In order to qualify for a full pension, a person must have lived in Canada for at least 40 years after turning 18. People also qualify if they reached the age of 25 on or before July 1, 1977, and either lived in Canada, had some residency in the country after age 18, or held a valid Canadian immigration visa and spent the 10 years immediately before appying in Canada.

For those who do not qualify for a full pension, a partial amount is paid out based on the number of years spent living in Canada. For instance, if a person has spent 36 years of their adult life in the country, they will earn 36/40th of the full OAS amount.

Based on the eligibilty requirements, the minimum payout is one-quarter of the total, to account for a total of 10 years spent in Canada.

Once a partial pension has been approved, the percentage of the total OAS pension received will never increase even if a person spends more years in Canada.

Canada Pension Plan

What is CPP?

The Canada Pension Plan is a form of retirement income that is open to all Canadians who have worked and paid into the system through deductions from their paycheques. The amount a person receives under the system depends on how much and for how long a person contributed, along with the age at which a person started receiving CPP payments.

There are three types of CPP benefits: disability benefits, retirement pension and survivor benefits. For the purposes of clarity, this article focuses on retirement pension form of CPP.

The average monthly CPP benefit in 2011 was $512.64. The maximum payment in 2012 is $987.67. The government adjusts the CPP rate every January to account for changes in cost of living as measured by the Consumer Price Index.

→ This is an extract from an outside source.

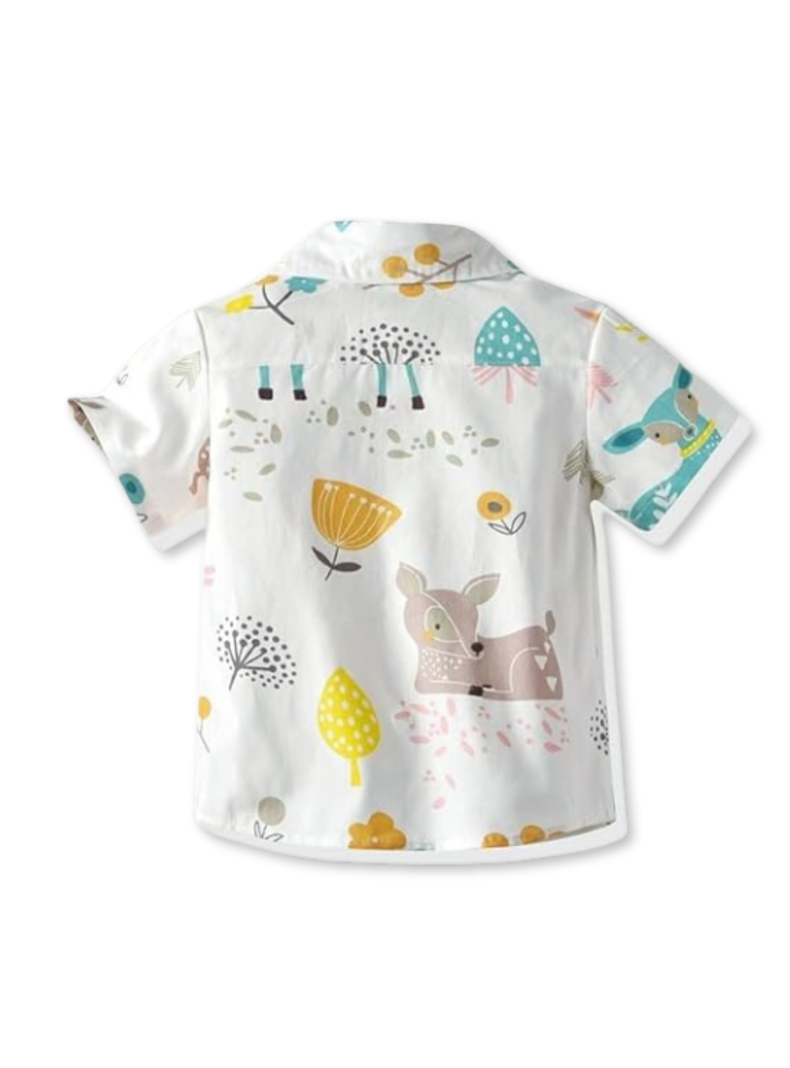 Conjunto de Vestir con Pantalón y Tirantes Bebé Niño 9 meses a 6 años Animal Cartoon-3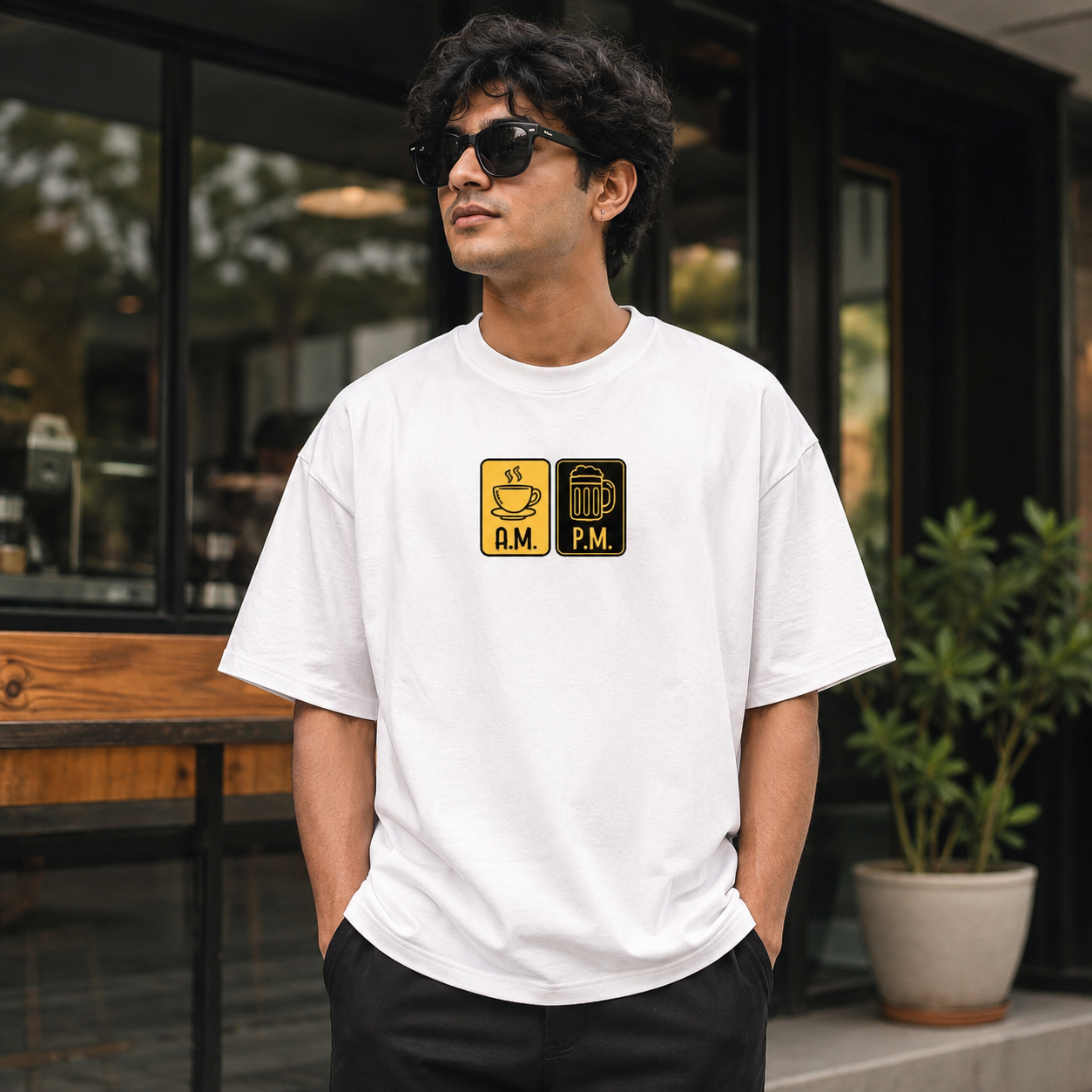 Chai Terry Oversized Tee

According to Service Canada, "If you have lived and worked in Canada most years between age 18 and 65 and earned about the average Canadian wage ($39,100 in 2002), at age 65 you would receive a CPP retirement pension of about $788 a month."

Who is eligible?

Anyone who has made at least one payment into CPP is eligible for benefits once they reach the age of 65, but the size of the benefits depends on how much and for how long a person contributed into the plan and at what age they start receiving benefits.

A person can begin receiving CPP anytime after age 60 if they stop working or reduce their income, although they incur a financial penalty by doing so. In 2012, a person receiving CPP early will be subject to a 0.52 per cent reduction for each month before the age of 65 that they received payments. That number is slated to rise to 0.6 per cent each month in 2016.

On the other hand, if a person chooses to delay CPP payments they receive a similar increase for each month they wait between the age of 65 and 70. In 2012, that increase works out to 0.64 per cent per month and will rise to 0.7 per cent next year.

When should you apply?

This is really up to the individual and whether they want to receive a smaller or larger CPP benefit. However, the government recommends applying six months before a person wants their pension to begin.

Canadians can apply online or print out an application and deliver it to a Service Canada location.

Similar to OAS, a person can receive retroactive payments covering up to 12 months if they delay applying for CPP until after their 71st birthday.

How much do I contribute to CPP?

An employed person's annual contribution to the CPP is the equivalent of 9.9 per cent of their total pensionable income, half of which is paid by the employee and half by the employer. Annual pensionable earnings are capped at a maximum that is adjusted each January (for 2012, it is $50,100), and there is a basic exemption amount of $3,500. For 2012, that brings the maximum employer and employee contribution to $2,306.70 each.

Self-employed people must contribute 9.9 per cent of their net business income, with the same $50,100 cap and $3,500 basic exemption, bring their maximum CPP contribution for 2012 to $4,613.40.

Anyone earning less than $3,500 is automatically exempt from CPP contributions.

At age 70, a person stops contributing to CPP even if they continue working.